When Cora and Ma’am Elizabeth get out of the car, Cora spots her phone still sitting on the garden path, and she picks it up to find that it has run out of power. As they enter the house, Ma’am Elizabeth turns to her and says, “Cora, please take the rest of the day off.” She holds up her hands when Cora starts to protest. “No, Cora. This isn’t special treatment. You’ve had a head injury, and it’s important that you take it easy. There’s nothing left to do in the house that can’t be done tomorrow.”
“Okay, ma’am,” Cora says. To tell the truth, she is exhausted. Thinking about Raymond can be so draining— This is what loss does as well, she wants to say to Ma’am Elizabeth, who sometimes takes long afternoon naps and wakes up looking slightly ruffled and self-conscious, then guiltily confides the indulgence to Cora.
In her room, Cora plugs her phone into the charger and shuts her eyes. She lets her mind wander away from this strange afternoon when the past came rushing at her from all directions. The phone jolts awake and begins to update her on all she has missed.

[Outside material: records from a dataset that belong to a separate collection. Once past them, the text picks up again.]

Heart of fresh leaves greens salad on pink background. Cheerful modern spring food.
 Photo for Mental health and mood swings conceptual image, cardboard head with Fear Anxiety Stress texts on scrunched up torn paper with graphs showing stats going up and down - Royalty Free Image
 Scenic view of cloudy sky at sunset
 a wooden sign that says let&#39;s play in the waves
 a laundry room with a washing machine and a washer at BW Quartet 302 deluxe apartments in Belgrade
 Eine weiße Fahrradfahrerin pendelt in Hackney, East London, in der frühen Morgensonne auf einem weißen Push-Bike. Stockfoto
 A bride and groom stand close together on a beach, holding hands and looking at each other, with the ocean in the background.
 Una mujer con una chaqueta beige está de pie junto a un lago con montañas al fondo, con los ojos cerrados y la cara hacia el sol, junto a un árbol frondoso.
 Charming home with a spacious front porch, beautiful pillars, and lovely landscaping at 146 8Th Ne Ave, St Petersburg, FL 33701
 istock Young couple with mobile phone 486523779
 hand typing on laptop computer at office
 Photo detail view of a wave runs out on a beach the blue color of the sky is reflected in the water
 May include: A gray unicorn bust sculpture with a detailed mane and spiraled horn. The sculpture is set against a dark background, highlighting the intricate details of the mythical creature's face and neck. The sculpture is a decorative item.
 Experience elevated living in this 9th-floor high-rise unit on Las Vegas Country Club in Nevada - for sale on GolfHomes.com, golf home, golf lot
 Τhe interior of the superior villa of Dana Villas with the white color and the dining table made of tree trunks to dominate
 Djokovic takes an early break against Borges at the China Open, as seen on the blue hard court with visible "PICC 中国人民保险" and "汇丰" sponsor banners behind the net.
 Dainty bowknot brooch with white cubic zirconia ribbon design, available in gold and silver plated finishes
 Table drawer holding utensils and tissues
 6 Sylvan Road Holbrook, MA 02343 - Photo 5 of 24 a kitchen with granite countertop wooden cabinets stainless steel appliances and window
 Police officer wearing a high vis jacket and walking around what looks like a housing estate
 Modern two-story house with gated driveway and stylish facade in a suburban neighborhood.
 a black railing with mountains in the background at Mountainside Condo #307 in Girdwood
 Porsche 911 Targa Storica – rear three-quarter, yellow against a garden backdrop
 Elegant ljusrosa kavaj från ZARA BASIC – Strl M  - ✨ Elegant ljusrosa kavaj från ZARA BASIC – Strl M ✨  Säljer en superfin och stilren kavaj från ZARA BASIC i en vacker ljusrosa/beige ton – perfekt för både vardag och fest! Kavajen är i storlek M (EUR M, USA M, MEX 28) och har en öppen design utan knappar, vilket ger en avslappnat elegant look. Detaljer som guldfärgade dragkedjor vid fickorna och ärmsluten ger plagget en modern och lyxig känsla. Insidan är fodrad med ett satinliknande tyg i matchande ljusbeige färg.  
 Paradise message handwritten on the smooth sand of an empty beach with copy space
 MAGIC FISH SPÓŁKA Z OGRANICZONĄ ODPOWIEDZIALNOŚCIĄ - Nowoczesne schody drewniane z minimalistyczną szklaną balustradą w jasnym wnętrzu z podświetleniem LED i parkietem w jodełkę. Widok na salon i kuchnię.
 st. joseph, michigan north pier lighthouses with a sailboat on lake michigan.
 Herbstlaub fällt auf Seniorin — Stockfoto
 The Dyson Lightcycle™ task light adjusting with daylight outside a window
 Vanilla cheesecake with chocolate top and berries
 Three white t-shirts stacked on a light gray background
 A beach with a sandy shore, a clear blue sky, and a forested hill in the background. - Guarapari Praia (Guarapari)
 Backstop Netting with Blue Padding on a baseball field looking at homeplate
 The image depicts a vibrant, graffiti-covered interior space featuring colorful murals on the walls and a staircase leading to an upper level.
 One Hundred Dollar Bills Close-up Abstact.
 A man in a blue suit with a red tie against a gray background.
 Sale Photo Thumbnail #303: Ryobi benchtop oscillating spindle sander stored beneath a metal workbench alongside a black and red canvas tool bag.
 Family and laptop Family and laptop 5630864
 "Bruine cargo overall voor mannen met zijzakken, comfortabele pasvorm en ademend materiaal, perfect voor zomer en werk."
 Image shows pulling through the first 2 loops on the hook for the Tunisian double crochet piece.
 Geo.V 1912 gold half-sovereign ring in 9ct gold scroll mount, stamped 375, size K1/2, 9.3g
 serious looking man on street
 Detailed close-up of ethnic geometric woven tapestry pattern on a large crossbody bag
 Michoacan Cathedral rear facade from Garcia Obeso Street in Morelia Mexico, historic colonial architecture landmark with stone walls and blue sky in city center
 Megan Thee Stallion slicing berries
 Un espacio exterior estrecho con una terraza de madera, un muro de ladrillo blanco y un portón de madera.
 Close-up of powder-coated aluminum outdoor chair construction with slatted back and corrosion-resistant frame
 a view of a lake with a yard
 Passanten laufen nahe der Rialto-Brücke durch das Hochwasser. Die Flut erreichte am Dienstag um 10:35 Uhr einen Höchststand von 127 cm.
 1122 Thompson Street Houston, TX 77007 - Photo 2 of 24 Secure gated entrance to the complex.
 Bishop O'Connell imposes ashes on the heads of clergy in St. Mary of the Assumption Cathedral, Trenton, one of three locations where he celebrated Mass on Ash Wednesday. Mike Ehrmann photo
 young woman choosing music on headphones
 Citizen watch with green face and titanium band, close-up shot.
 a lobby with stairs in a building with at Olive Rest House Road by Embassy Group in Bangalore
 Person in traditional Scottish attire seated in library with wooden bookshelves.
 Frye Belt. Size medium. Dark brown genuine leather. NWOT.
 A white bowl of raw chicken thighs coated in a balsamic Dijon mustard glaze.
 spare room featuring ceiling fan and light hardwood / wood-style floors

Angel and Donita are still busily discussing Flordeliza Martinez. What do you think, Cora? Angel prompts a few times. In 2001, Cora had advised the other maids on how to handle the fallout from the Marisol Concepcion murder. Now is the time to be careful, she had cautioned them, but don’t keep your head down too low or they will think we all have something to apologize for. At Sunday gathering spots, she discreetly collected cash donations in a large envelope to send to the woman’s family after the court ruled that she was guilty and would be executed.
That was all a long time ago—now Cora doesn’t even have the words to explain to Angel and Donita why she doesn’t want to be involved. All she has are flashes of regret: The single gold earring she pushed into the security guard’s hands. The smirk on his face; the cold dread spreading through her chest. The way he grasped her hand tightly, just long enough to make her understand that he wasn’t satisfied. “What will I do with one earring?” he sneered, and he waved away her suggestion that it was valuable enough to pawn. He wanted her to return to the house and come back with an even bigger prize. When he told her what it was and where exactly to find it, Cora knew this was a sin that no God could ever forgive, no matter how many times she prayed the rosary.
Murder Maid Has No Alibi
A foreign domestic worker from the Philippines who is accused of murdering her employer has not been able to account for her whereabouts on the day of the alleged killing, say police.
Flordeliza Martinez is the lead suspect in the murder of Carolyn Hong in Oldham Walk off East Coast Road last week. Police speculate that Mrs. Hong caught Miss Martinez in the middle of a theft, and Miss Martinez pushed her against a wall. Ms. Hong died from injuries to her skull.
Miss Martinez was the only person reported to be at home at the time. Mrs. Hong’s husband, Peter Hong, was in East Coast Park training for a marathon. Their daughter, Elise, seventeen, discovered her mother’s body.
If convicted, Miss Martinez could face life in jail or execution by hanging.